On weekends, a group of colleagues went for an outing together. Everyone cooked their own best dishes and took their husbands and children to have a picnic. Laughing and laughing all the way, this child sings and that child performs sketches. My daughter has no housekeeping skills, but she has been clapping happily. From time to time, she ran to the back to look after the food. Put the tilted lunch box back in place, tighten the loose bottle cap and wipe off the spilled vegetable juice. Busy as a careful little housekeeper.

There was an accident at the picnic. Two little boys, an olympian and an English expert, are holding a glutinous rice cake on the plate at the same time, and neither of them will let go, let alone share it equally. Abundant food was constantly on display, and they didn't even look at it. The adults laughed and sighed, even persuaded and coaxed, all useless. Finally, it was my daughter who easily broke the deadlock by flipping a coin. On the way back, there was a traffic jam and some children became anxious. One after another, my daughter's jokes amused the whole car. Her hands were not idle, and she cut out many small animals from colorful cartons full of food, which attracted the admiration of this group of children. When getting off the bus, everyone got their own paper-cut of the zodiac. Hearing the children's thanks again and again, the husband couldn't help showing a proud smile.

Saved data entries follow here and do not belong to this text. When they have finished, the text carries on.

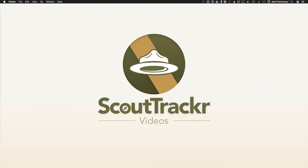Well hello there fellow scouts and scout leaders. This is Matt Petrowski here creating your videos over at ScoutTracker.com, that's without the E of course. So in this video what I'm going to be showing you is how you can actually use Google's freely available services in order to plan out your Philmont itinerary.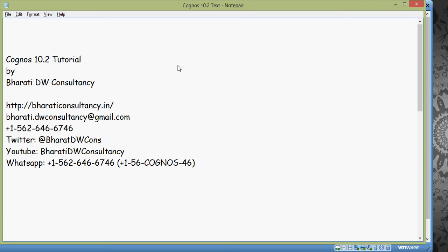Cognos 10.2 Tutorials by Bharti DW Consultancy. Please follow the tutorials from Cognos 10 which talk about a lot of stuff which are common between Cognos 10.1 and 10.2.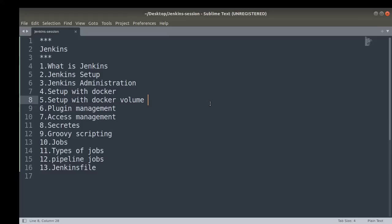To start with, the first tutorial will explain what Jenkins is — why Jenkins is used, what Jenkins is, why we should use Jenkins specifically, and what the alternative tools are in the market. In the CI continuous integration space, which tool should we choose and why should we select Jenkins? That part will be covered in the first upcoming video tutorial.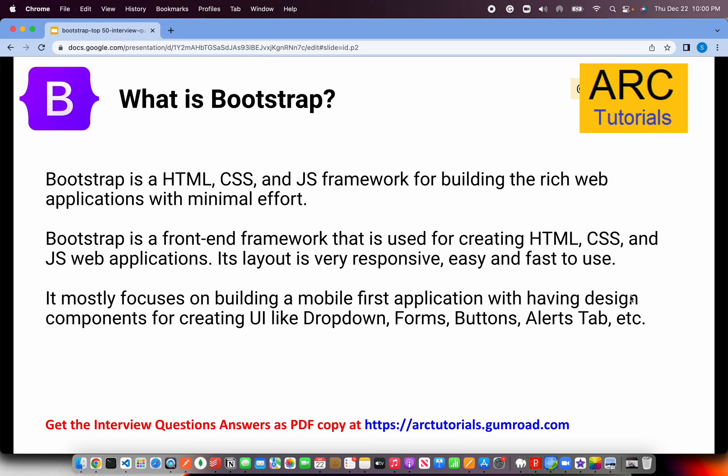Let's get started with the first question: describe what is Bootstrap. This is a basic opening question, mostly if you are a UI developer or UI designer. The way to answer that is: Bootstrap is an HTML, CSS, and JS framework for building rich web applications with minimal effort. It is a front-end framework used with a mobile-first approach for building mobile-first applications.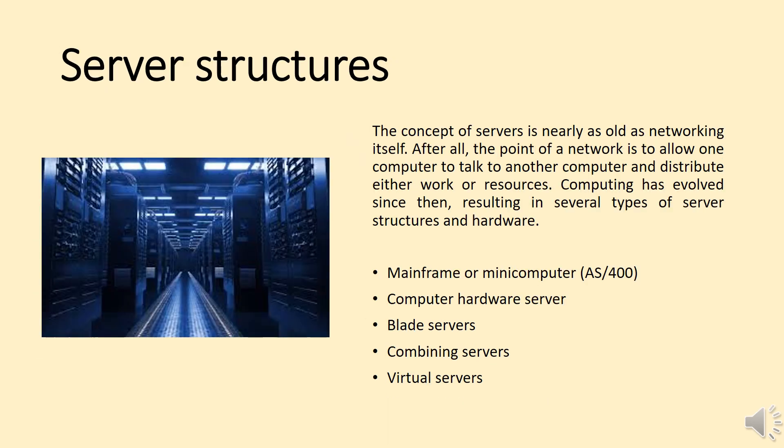Server Structures. The concept of servers is nearly as old as networking itself. After all, the point of a network is to allow one computer to talk to another computer and distribute either work or resources. Computing has evolved since then, resulting in several types of server structures and hardware.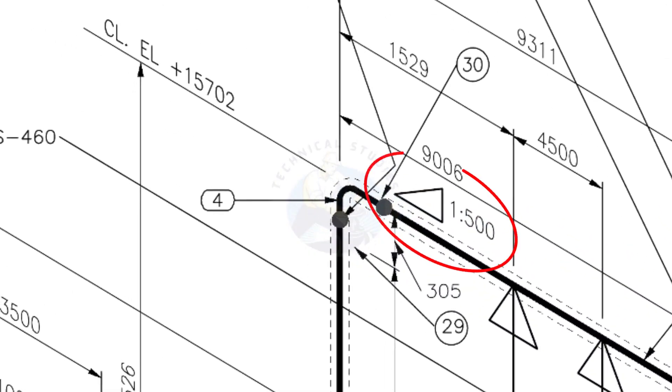See the pipe slope symbol. The slope ratio is 1 is to 500, means for every meter length the pipe is 2 millimeters lower than the other end. During the fabrication, you need to maintain the degree of the elbow according to this slope.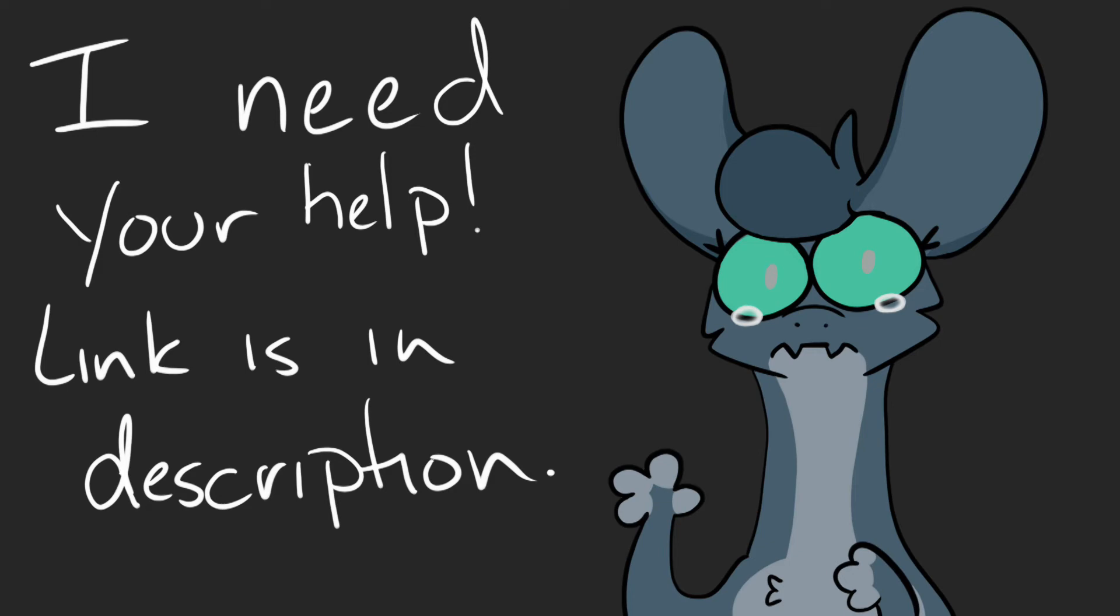So if you guys could possibly donate, or even spread the word, that'd be amazing. Links are in the description.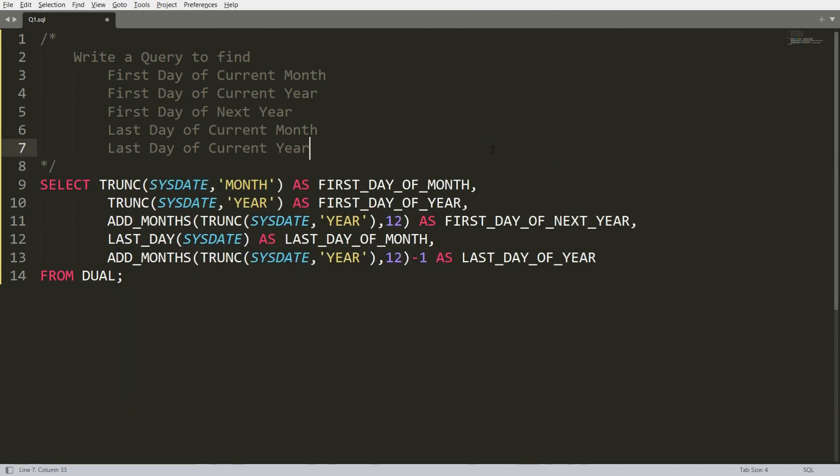So this is how you can find the first day of the current month and current year, and the last day of the current month and current year. If you like this video, please like, share, and subscribe to my channel. Thank you very much, have a nice day.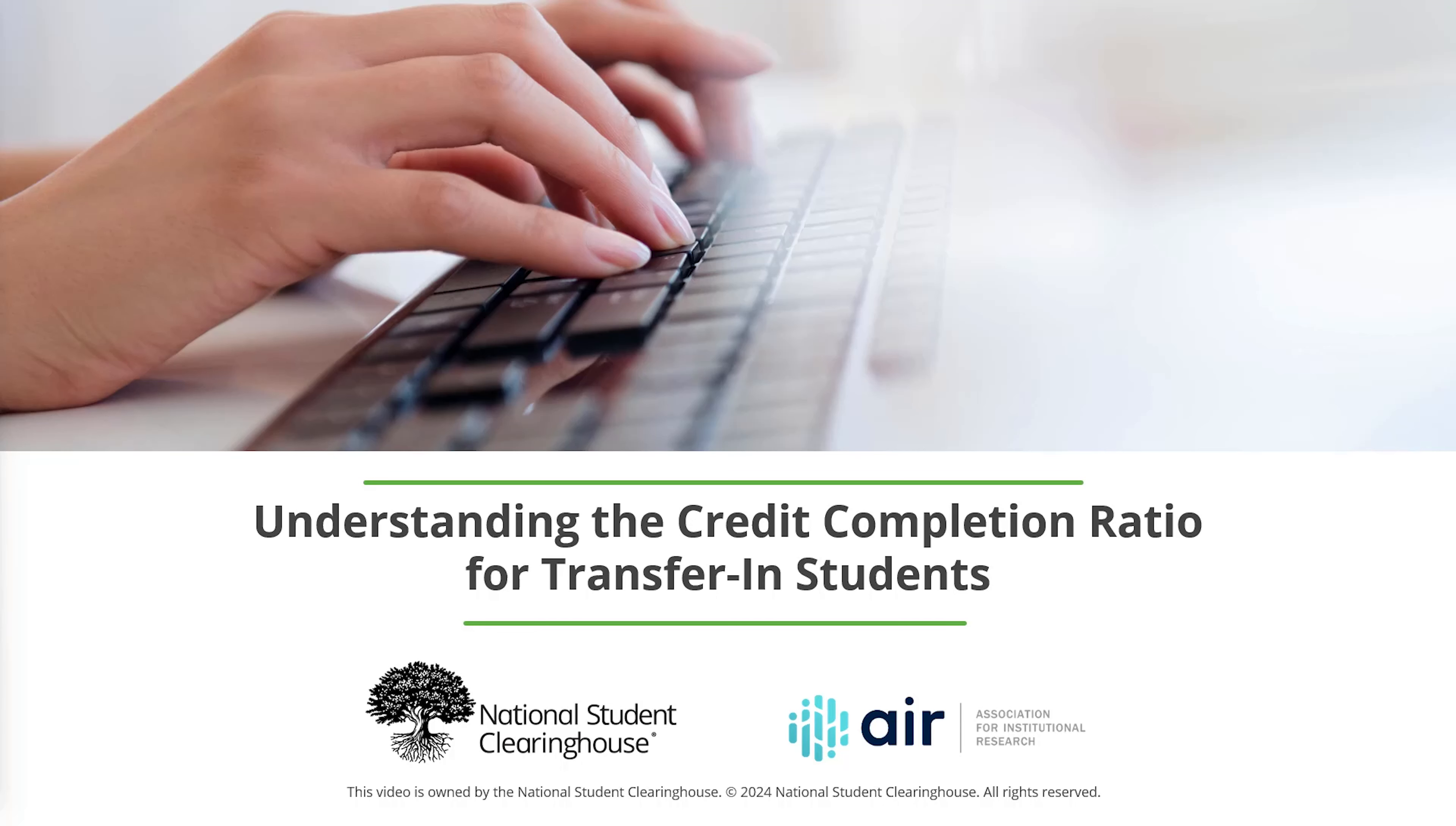In this tutorial, we demonstrate how to use the PDP Credit Completion Ratio Dashboard to understand the credit completion ratio for our new transfer-in students.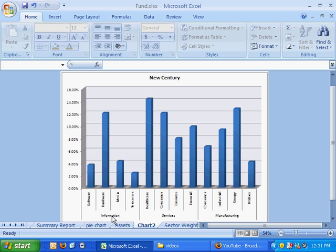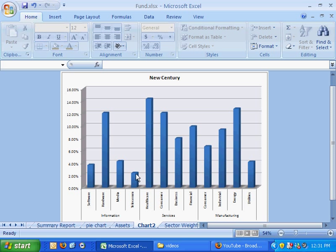For example, in information, we've got approximately 4% of our stocks, 4% of the mutual fund being held in software companies. Hardware companies is a little higher, media companies about 5%, telecom companies about 2%.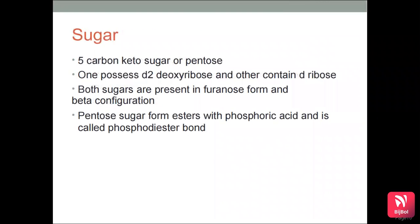The sugar group of the nucleotide exists as a 5-carbon keto sugar or pentose group. One possesses D-2-deoxyribose and the other contains D-ribose. Both sugars are present in furanose form and beta configuration. This pentose sugar forms esters with phosphoric acid, ultimately forming phosphodiester bonds.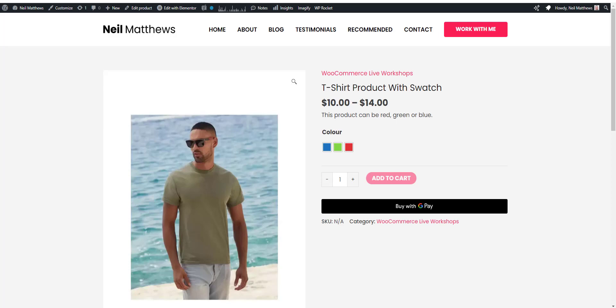Welcome back to the channel. In today's video I want to show you how to add a colour swatch to a WooCommerce product.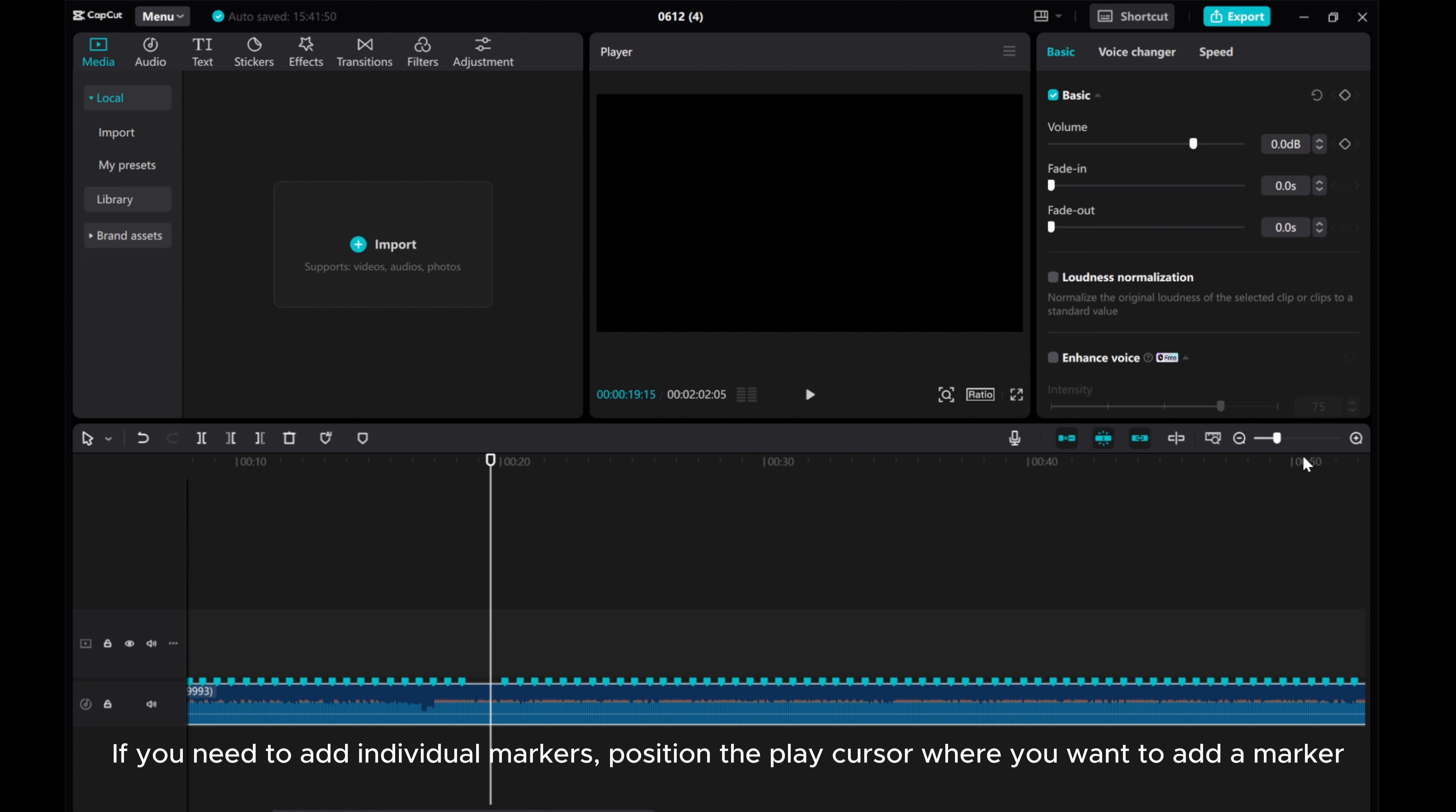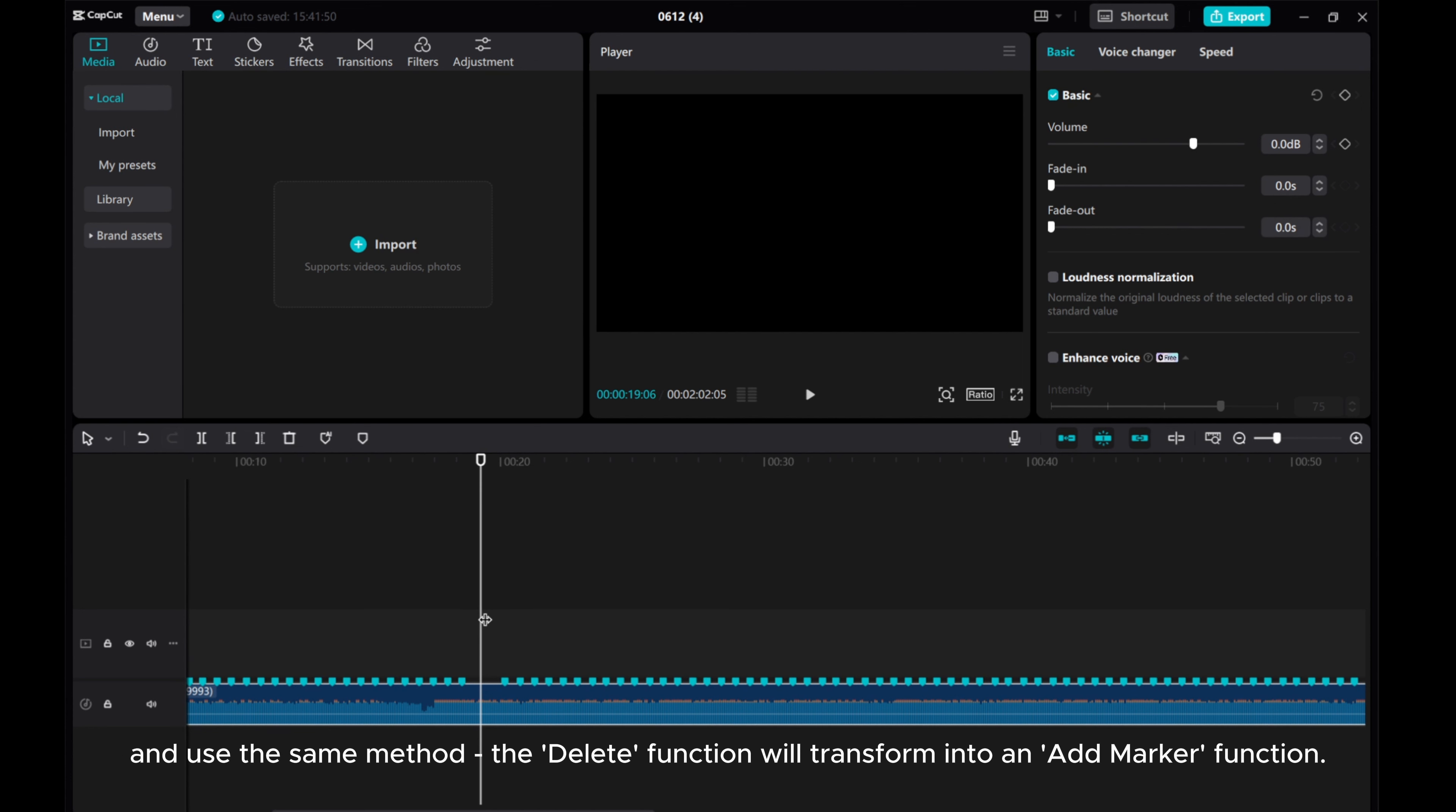If you need to add individual markers, position the play cursor where you want to add a marker. And use the same method—the delete function will transform into an add marker function.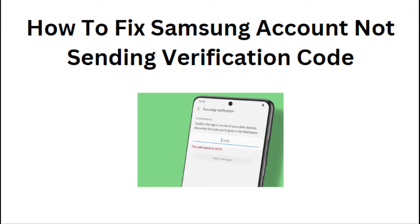Hey everyone, in today's video, we will see how to fix Samsung account not sending verification code.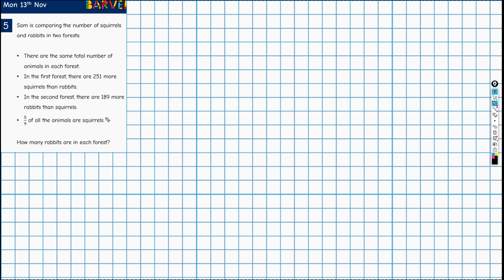The first thing I'm going to do is work with this piece of information: five-ninths of all the animals are squirrels. Well, there are only squirrels and rabbits, so whenever we get a piece of information like this in a word problem, we need to think about what else it tells us. That tells us that four-ninths of the animals are rabbits. So we've already extracted an extra bit of information there.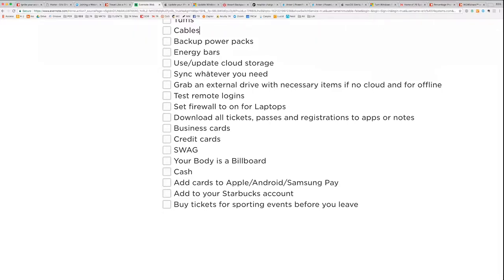I keep an external drive with me all the time — a little Road Warrior LaCie, about a terabyte. It's not super fast but it's great for bringing stuff along or transferring files. I love the new thumb drives that have USB-C on one side and USB-3 on the other. If you have remote logins, test them. If you have VPNs, make sure they're working. And a big one: set your firewall to on — I'm going to show you how to do that in a moment.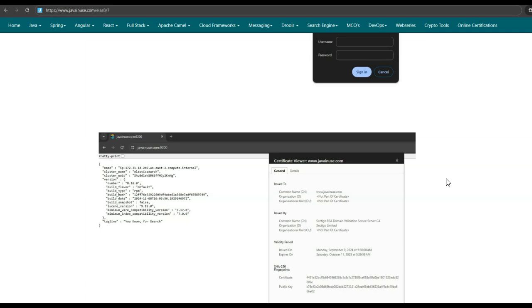Hope you have understood this tutorial. In the next tutorial, we will be configuring Elasticsearch and Kibana to make use of Azure Active Directory credentials to authenticate a user. Thank you.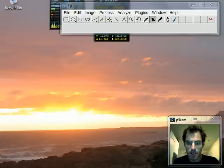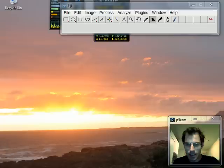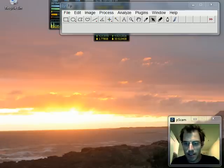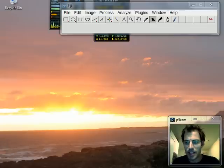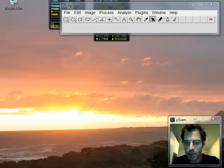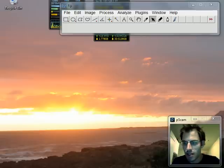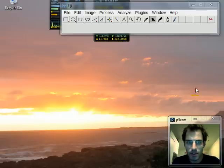Here's one more screencast showing you how easy you can align automatically a stack of slices using the TrackEM2 plugin in the Fiji software. This is to complement my other screencast where I show you how you can manually do this same alignment.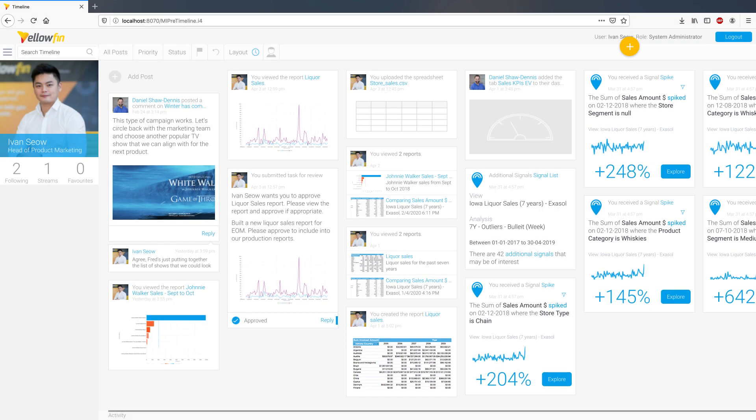Hey everyone, this is Ivan from Yellowfin, and in this video, I'll present some of the key highlights from the 9.1 release.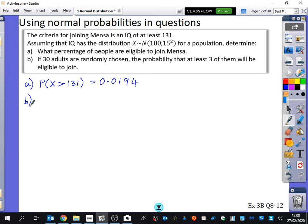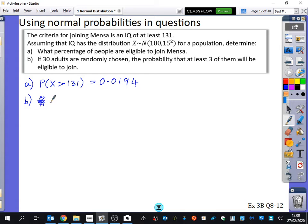So we've got 30 people, we've got a probability that someone will be eligible to join, and the people are independent from each other — their brains are independent. It's a binomial distribution, because there are a fixed number of people, a fixed percentage to be able to join, two outcomes — you can either join or you can't — and they're independent from each other. Sufjan's brain is independent from anyone else's brain. So we can use the binomial distribution.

After the mid-term exam, I received a phone call from my daughter's class teacher. First of all, I learned that my daughter's grades are still average. However, he said, there is a strange thing he wants to tell me. This is the first time he has been teaching for 30 years. There is an additional question on the Chinese test paper: which classmate in your class do you admire most? Please tell me the reason. Except my daughter, the whole class actually wrote her name. There are many reasons: being helpful, keeping promises, not getting angry, being easy to get along with, etc. And most of them are optimistic and humorous. The class teacher also said that many students suggested that she be the monitor. He lamented: although your daughter's grades are average, she is really excellent at being a human being. I jokingly told my daughter that you were going to be a hero. The daughter who is knitting a scarf cocked her head and thought about it. She told me seriously that the teacher once said a proverb: when a hero passes by, someone always sits on the side of the road and applauds. She said softly, "Mom, I don't want to be a hero. I want to be the one who sits on the roadside and applauds. " I suddenly a shock, wait for a while looked at her. She quietly knitted wool and light pink thread, wrapped around bamboo needles, as if an inch of time, spitting out small buds in her hands. Heart, suddenly warm.

At that moment, I was suddenly moved by this girl who didn't want to be a hero. In this world, how many people aspire to be heroes when they are young, but eventually they become ordinary people in the world of fireworks. If we are healthy, if we are happy, if we don't go against our wishes, why don't we be a kind ordinary person? When she grows up, she will be a virtuous wife, a gentle mother, even an enthusiastic colleague and a kind neighbor. In those long years, she can live the life she wants in peace. As a parent, what kind of bright future do you want to pray for your children?